Let Bill Hicks Be Your Obi-Wan Kenobi

I am forever in awe of stand-up comedians. Hell, you have to credit even the bad ones — they get up there in front of what could amount to a laughless firing squad, and try to crack wise and hope that nobody heckles you or that you don’t, erm, accidentally let escape a racist tirade.

I think my sense of humor probably comes from a weird pastiche of two origins: one, comic strips like Bloom County and Far Side, and two, an unending diet of stand-up. George Carlin, Jake Johannsen, Denis Leary, Brian Regan, and, let us not forget the true King of Comedy –

Bill Hicks.

Hicks was cranky, crazy, spiritual, strange, and downright hilarious.

He is, to this day, missed. The man died far too young.

We are still left with his comedy, of course, like this bit of, ahh, “dark poetry” right here:

Wow, yeah.

The man can paint an image.

Anyway, did you know that Bill Hicks put together “12 Principles of Comedy?” He did. Apparently written on a comedy club wall in Atlanta. (Nerdist, aka Chris Hardwick, does a great post about Hicks and these principles.) It’s a solid list, but it got me thinking. Stand-up comedy and the act of writing are actually pretty similar. Yes, the former requires you to actually speak, but from start to finish, each act has parallels to the other. You plan. You outline. You put it out there. You put it and yourself in front of an audience. You adjust on the fly. You try to amuse, entertain, enlighten, all together, a triumvirate of possibility.

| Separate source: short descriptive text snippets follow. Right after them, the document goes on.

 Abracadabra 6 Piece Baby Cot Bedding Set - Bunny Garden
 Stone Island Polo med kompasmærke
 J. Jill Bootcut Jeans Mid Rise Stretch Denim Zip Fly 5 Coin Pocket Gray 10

So, I thought: maybe it’s a good idea to look at Hicks’ “12 Principles” and see how they apply to writing.

Ready? Here goes.

1. If you can be yourself on stage nobody else can be you and you have the law of supply and demand covered.

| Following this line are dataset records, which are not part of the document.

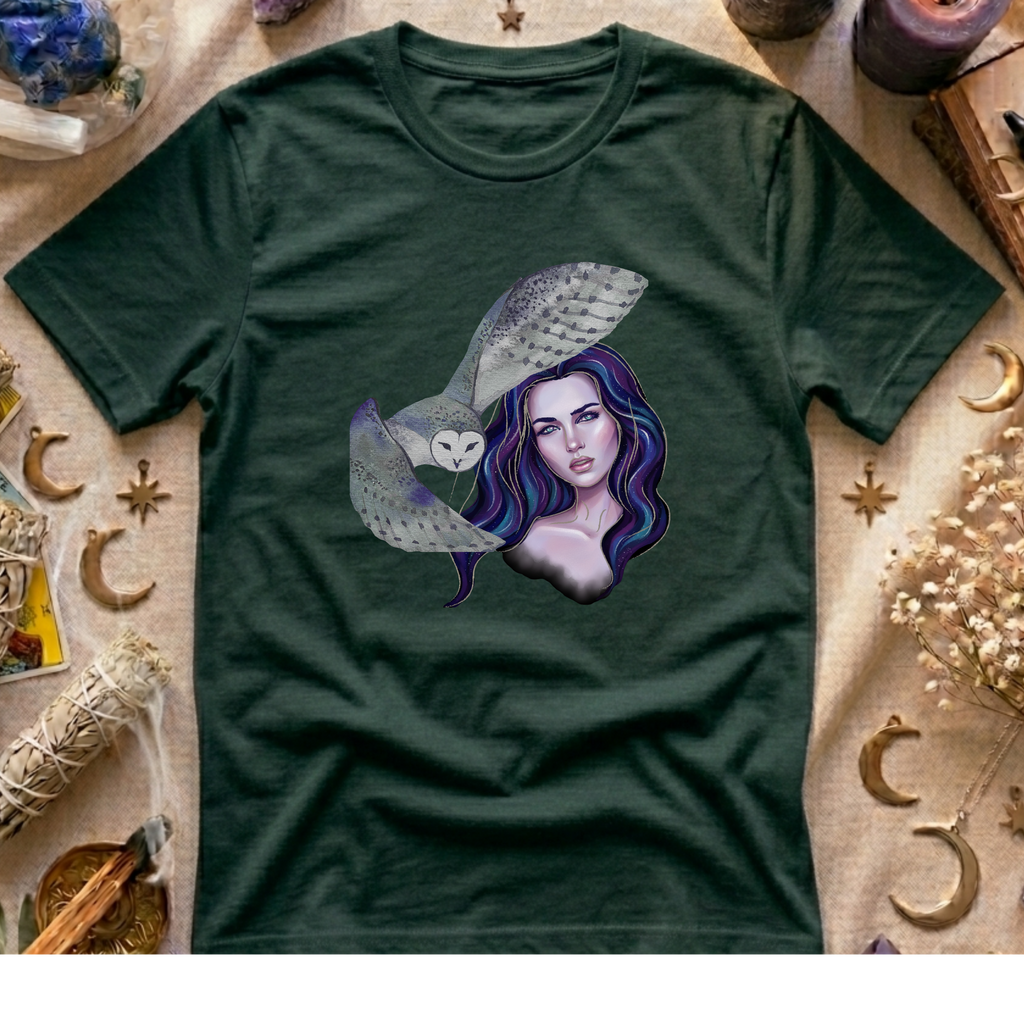 Mystic Owl + Woman T-Shirt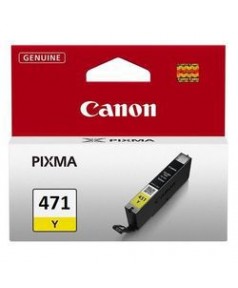 CLI-471Y [0403C001] Картридж Canon желтый для PIXMA MG5740, 6840, 7740 (7мл., до 347 страниц)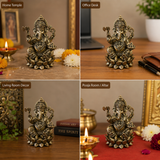 Super fine Brass Ganesha Statue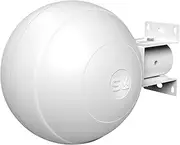 TV Aerial for Digital Freeview, SLX 360° Amplified Omni Directional TV Aerial HD TV Antenna with Built in Powered Signal Booster, Powerful Outdoor TV Aerial, 5G Filter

A great start. This is absolutely true of writing, you ask me. Writers are always concerned about original ideas, and that’s certainly a real concern in terms of marketing and selling your work (of course, Bill Hicks has choice words for marketers). Despite that, to me what matters if that your voice is original. Ideas are rarely original. It’s the way you say them. It’s the arrangement of elements around those ideas. That’s one of the things I learned at Sundance: if the art is anywhere in this process, the art is in the arrangement.

The art is in our choices.

Own your voice, and be yourself in your fiction.

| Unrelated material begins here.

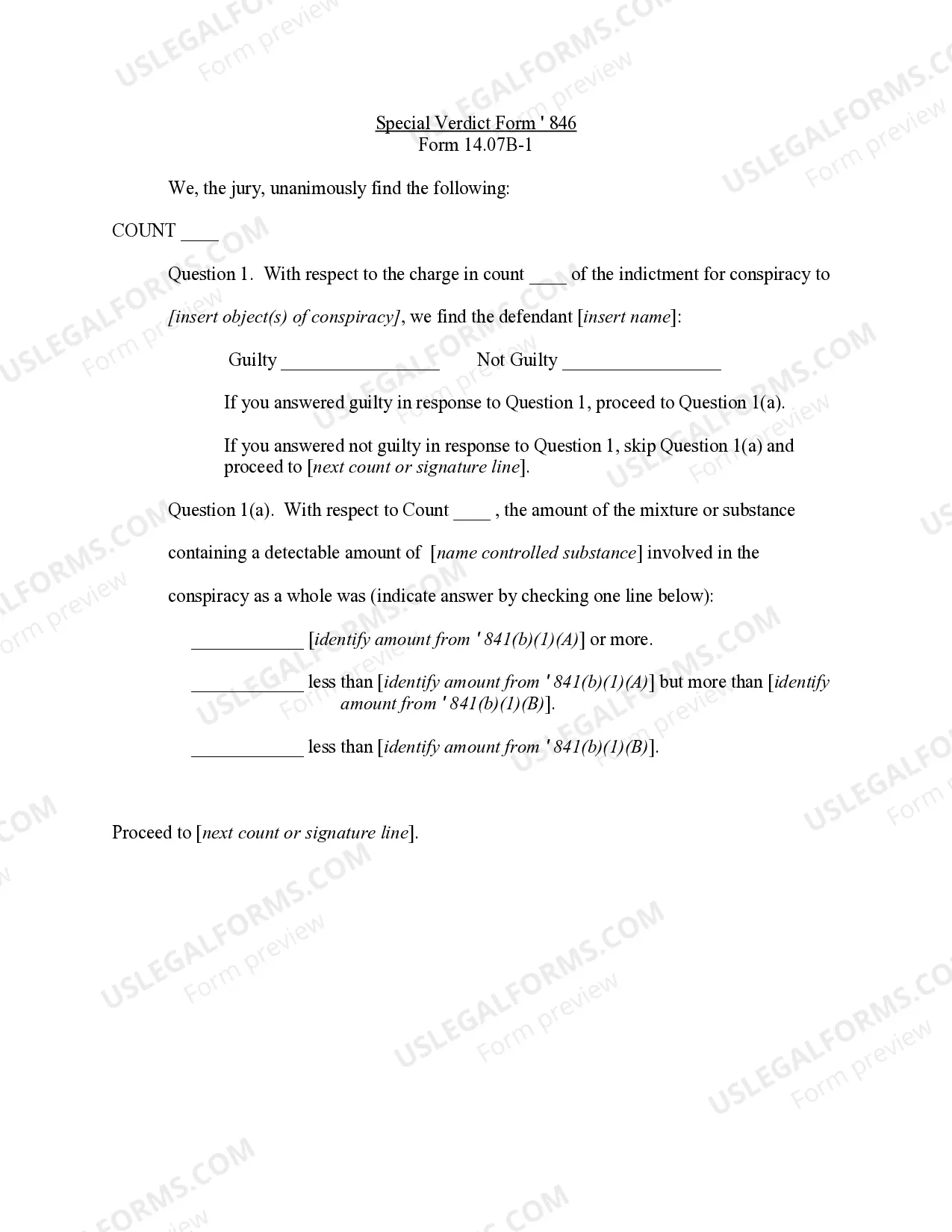 Preview UNANIMITY REQUIRED: DETERMINING AMOUNT OF CONTROLLED SUBSTANCE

2. The act is something you fall back on if you can’t think of anything else to say.

To rewrite this a little, maybe: “The outline is something you fall back on if you can’t think of anything else to say.” The outline and all your prep work is a damn fine safety net: but the safety net isn’t something you jump into. It’s something you fall into when you have nowhere else to go.

3. Only do what you think is funny, never just what you think they will like, even though it’s not that funny to you.

Absolutely.On a first read, you might think he’s a bold (and perhaps angry) statement ala David Simon:

My standard for verisimilitude is simple and I came to it when I started to write prose narrative: fuck the average reader. I was always told to write for the average reader in my newspaper life. The average reader, as they meant it, was some suburban white subscriber with two-point-whatever kids and three-point-whatever cars and a dog and a cat and lawn furniture. He knows nothing and he needs everything explained to him right away, so that exposition becomes this incredible, story-killing burden. Fuck him. Fuck him to hell.

…but I don’t believe this is that. I don’t think Bill is telling you not to worry about your audience, I just think he’s saying you better make sure that what you do entertains you as well as them.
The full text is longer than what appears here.